Directed by David O. Russell, ‘American Hustle’ is a 2013 black comedy movie with a star-studded cast. It follows the story of a skilled con artist Irving Rosenfeld (Christian Bale), who gets caught up with the FBI and is forced to run a series of sting operations for them. Aided by his girlfriend, Sydney Prosser (Amy Adams), he works with an overtly ambitious FBI Agent, Richie DiMaso (Bradley Cooper)—the three start by planning cons to catch other low-level con artists like themselves.
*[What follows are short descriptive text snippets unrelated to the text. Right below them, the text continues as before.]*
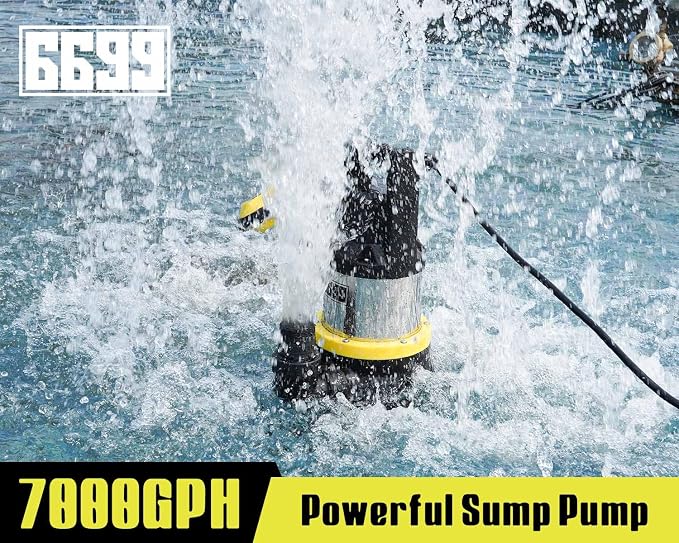 1.5 HP Stainless Steel Sump Pump, 7000 GPH, Float Switch | High-flow stainless steel pump moves up to 7000 GPH and includes an adjustable float switch and 16 ft cord for water removal.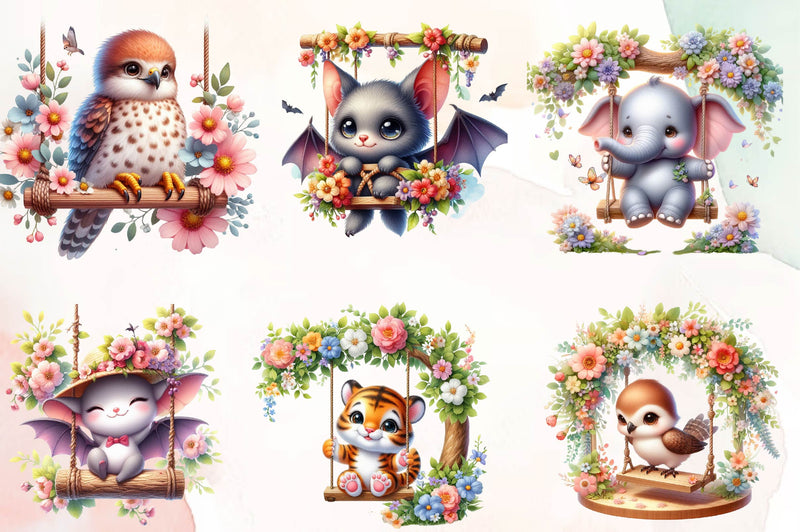 Animals On Swings Clipart Bundle - CraftNest - Digital Crafting and Art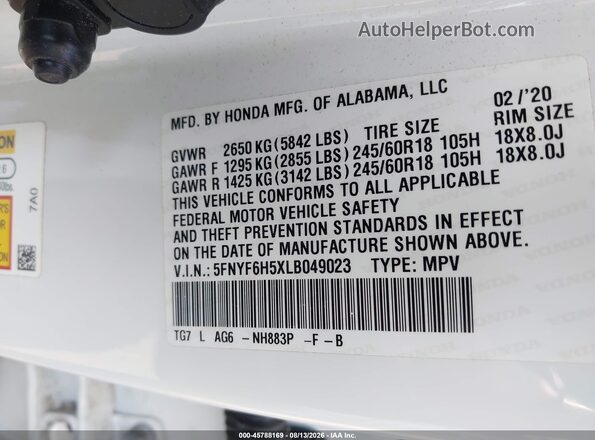 5FNYF6H5XLB049023 2020 HONDA PILOT White ძრავის განყოფილების ხედი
However, eventually, the trio’s operation grows, and soon they find high-profile Congress members and dangerous mobsters involved. Their sting operation is dubbed Abscam Operation because of a fake Arab Sheikh that forms the basis of their long-con. The operation is just eccentric enough to make the audience wonder if such a plan could actually work in real life. If you want to know more about the Abscam Operation and its ties to reality, here is everything you should know. SPOILERS AHEAD!
The Abscam Operation: Was it Real?
Yes, ‘American Hustle’ took inspiration for its Abscam Operation plotline from a real FBI Operation of the same name. In the movie, Irving comes up with the idea to use an Arab Sheik as a honeypot to attract other con artists. Richie, the FBI Agent, poses as the advisor to a Sheikh who is an investor of Irving’s. The premise of the trap is simple, a Sheik looking to invest would make for an easy target for scammers to take advantage of. Once the scammers approach them and start doing business with them, Richie can catch the scammers in the act.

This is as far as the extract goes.